Async reconciliation job compares ledger with external records.
This question is different from the others because it prioritizes correctness over performance. The interviewer wants to hear about idempotency, exactly-once semantics, and how you prevent double-charging even during failures.
Mapping Questions to Concepts
Question Primary concepts tested
URL shortener Hashing, caching, key generation
Chat system WebSocket, message ordering, fan-out
News feed Fan-out, ranking, push vs pull
Notification system Multi-channel delivery, reliability, queuing
Rate limiter Distributed counting, algorithms, atomicity
Web crawler Distributed coordination, dedup, politeness
Search autocomplete Trie, caching, latency optimization
Video streaming CDN, encoding pipeline, adaptive bitrate
Ride sharing Geospatial indexing, real-time matching
Payment system Idempotency, consistency, exactly-once
If you face a question you have not seen, map it to the closest one above. "Design a food delivery app" is ride sharing + a restaurant service. "Design Google Docs" is a chat system (real-time sync) + conflict resolution (CRDTs or OT). "Design a ticketing system" is a payment system + inventory management with concurrency.
How to Practice
Do not memorize architectures. Instead, for each question:
- Identify the 2-3 core technical challenges
- Know why specific technologies fit (not just which ones)
- Practice articulating tradeoffs out loud
- Time yourself — 35 minutes for the design, 10 minutes for Q&A
Practice with a partner if possible. System design is a conversation, and practicing alone builds different muscles than practicing with someone who pushes back.
Common Pitfalls
- Memorizing a single "correct" design. The interviewer has seen every blog post you have read. They care about your reasoning, not your recall.

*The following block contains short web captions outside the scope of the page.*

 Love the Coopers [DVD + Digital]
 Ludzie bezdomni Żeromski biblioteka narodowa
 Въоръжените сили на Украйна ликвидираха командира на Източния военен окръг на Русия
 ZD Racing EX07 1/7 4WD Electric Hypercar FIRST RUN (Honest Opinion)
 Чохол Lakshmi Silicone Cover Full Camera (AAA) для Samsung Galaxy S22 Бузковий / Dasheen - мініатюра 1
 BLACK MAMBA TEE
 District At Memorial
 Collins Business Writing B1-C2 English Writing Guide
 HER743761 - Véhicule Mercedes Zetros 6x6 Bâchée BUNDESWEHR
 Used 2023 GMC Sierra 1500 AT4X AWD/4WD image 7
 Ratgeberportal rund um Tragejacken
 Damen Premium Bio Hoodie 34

- Going too broad. Listing cache, load balancer, CDN, message queue, and monitoring without explaining why any of them are needed. Each component must solve a specific problem.

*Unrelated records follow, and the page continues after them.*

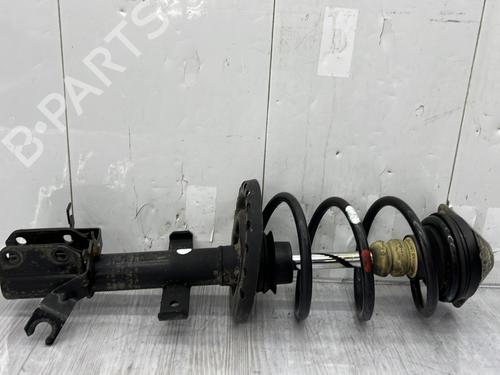 Used Right front shock absorber RENAULT CLIO III (BR0/1, CR0/1) 1.5 dCi (C/BR0G, C/BR1G) (68 hp) 28450270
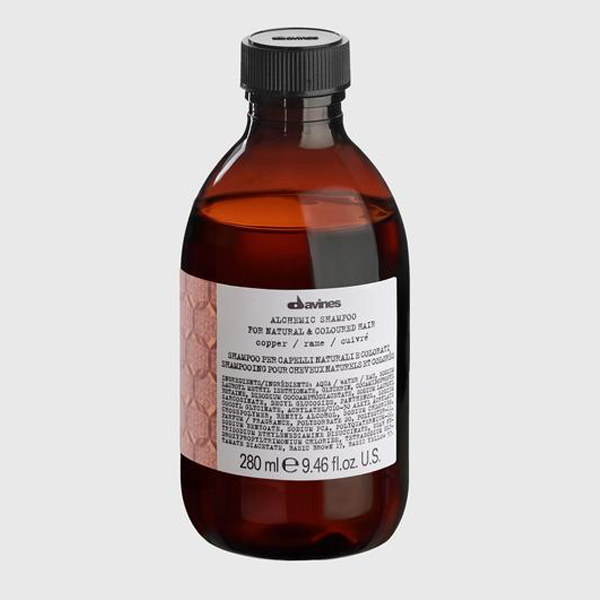 Davines Alchemic Copper Shampoo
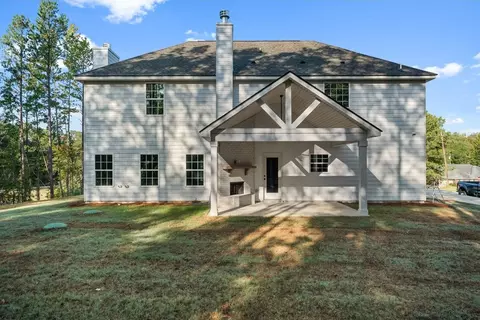 Exterior - 7204 Bill Dorn Rd, Appling, GA 30802 photo 7 of 8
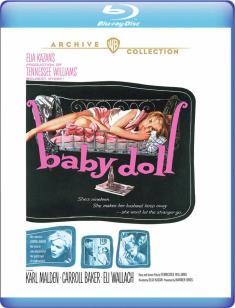 Baby Doll front cover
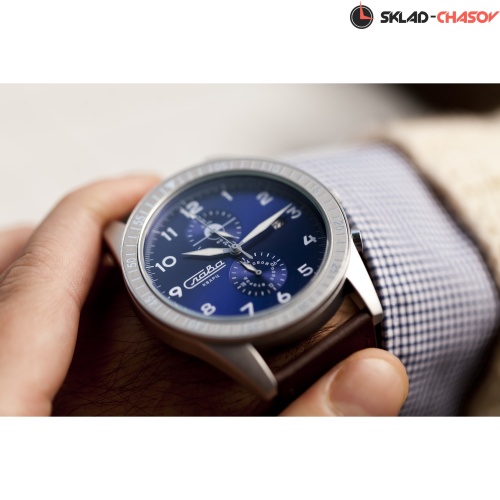 Кварцевые Слава "Традиция" 2361487/300-JP11 фото фото 4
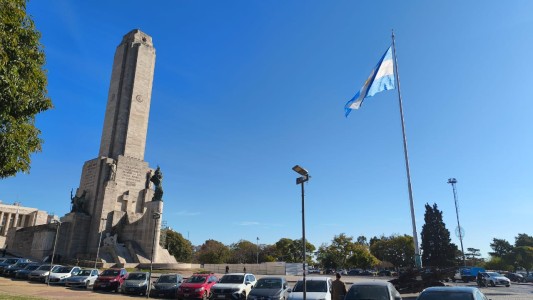 El clima en Rosario: mañana soleada y temperaturas agradables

- Ignoring the unique challenge. Every question has a core tension. URL shortener is about key uniqueness. Chat is about real-time delivery. Payment is about correctness. Miss the core tension and the rest does not matter.
- Not knowing the numbers. If you cannot estimate storage or QPS within an order of magnitude, you cannot make informed design decisions.
- Skipping the data model. Many candidates draw boxes and arrows but never define what is stored. The data model drives query patterns, indexing, partitioning, and caching.
Key Takeaways
- The top 10 questions cover the most important distributed systems concepts: fan-out, consistency, caching, real-time communication, geospatial indexing, idempotency, and distributed coordination.
- Each question has a core challenge that the interviewer is testing. Identify it early and make it the focus of your design.
- New questions are combinations of familiar patterns. "Design X" where X is unfamiliar becomes manageable when you decompose it into known building blocks.
- Depth on the core challenge matters more than breadth across all components. A deep discussion of fan-out strategy in a news feed design is worth more than mentioning 15 services without explanation.
- Practice articulating tradeoffs. "I chose X because of Y, at the cost of Z" is the sentence pattern that demonstrates engineering judgment.